WORK INSTRUCTION
When you transcribe the lines below, keep every word the same and leave the pictures behind.

[Records contained in a dataset]
--- START ---
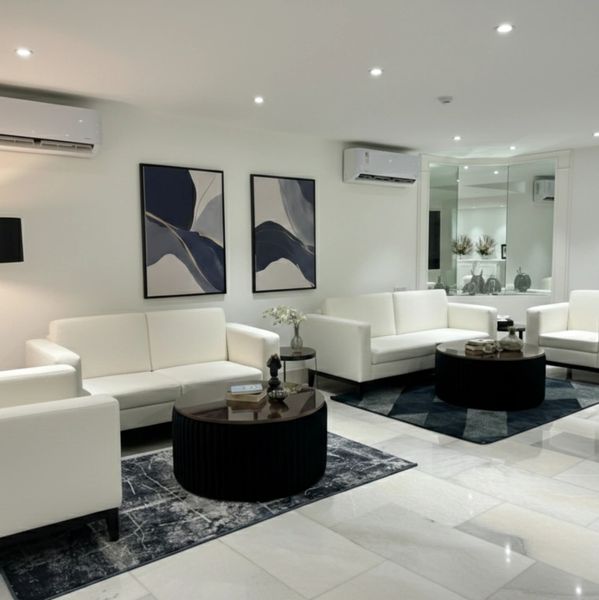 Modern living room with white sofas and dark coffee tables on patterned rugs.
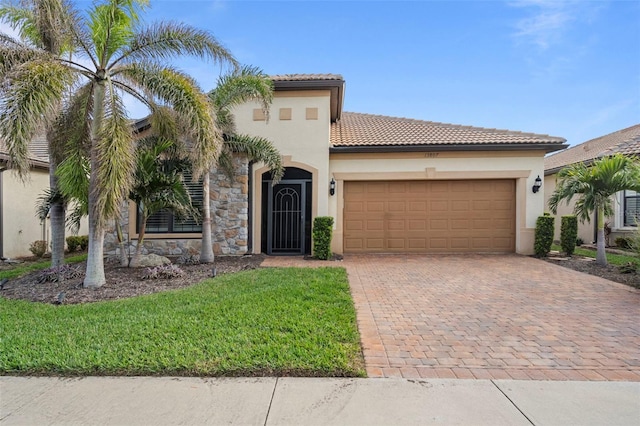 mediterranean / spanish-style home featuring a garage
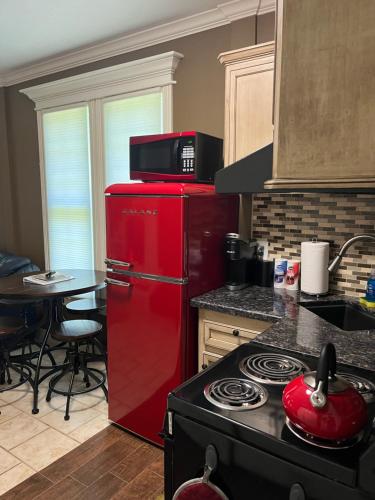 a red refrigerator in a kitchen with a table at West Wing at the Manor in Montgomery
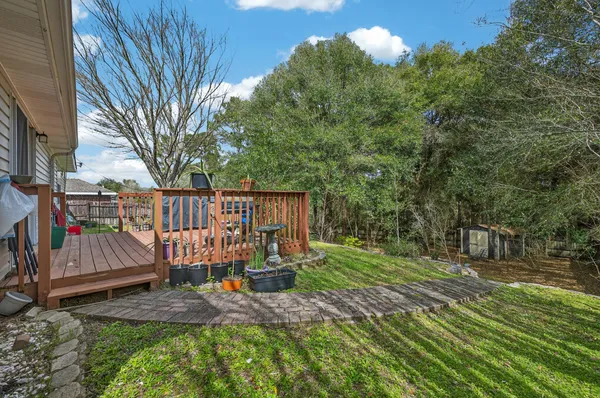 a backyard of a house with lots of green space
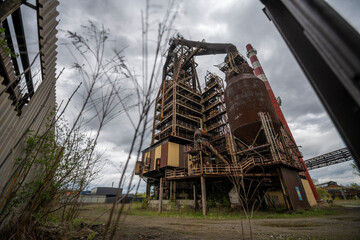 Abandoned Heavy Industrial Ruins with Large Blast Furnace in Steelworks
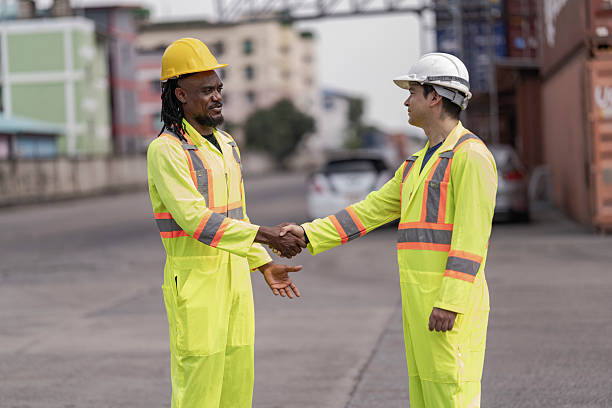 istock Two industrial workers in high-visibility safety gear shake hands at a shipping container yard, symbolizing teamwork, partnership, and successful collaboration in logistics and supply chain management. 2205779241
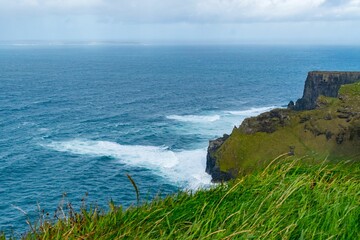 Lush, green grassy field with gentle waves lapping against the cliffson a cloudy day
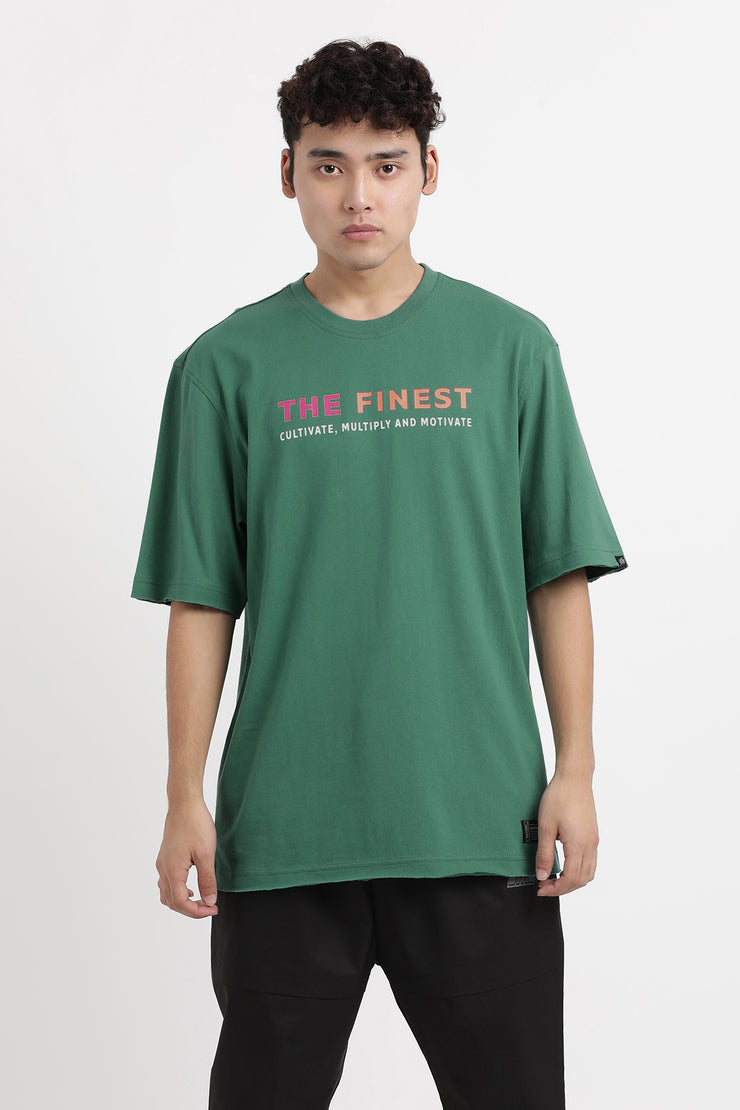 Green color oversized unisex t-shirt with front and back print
--- END ---
ANSWER BOX
 Modern living room with white sofas and dark coffee tables on patterned rugs.
 mediterranean / spanish-style home featuring a garage
 a red refrigerator in a kitchen with a table at West Wing at the Manor in Montgomery
 a backyard of a house with lots of green space
 Abandoned Heavy Industrial Ruins with Large Blast Furnace in Steelworks
 istock Two industrial workers in high-visibility safety gear shake hands at a shipping container yard, symbolizing teamwork, partnership, and successful collaboration in logistics and supply chain management. 2205779241
 Lush, green grassy field with gentle waves lapping against the cliffson a cloudy day
 Green color oversized unisex t-shirt with front and back print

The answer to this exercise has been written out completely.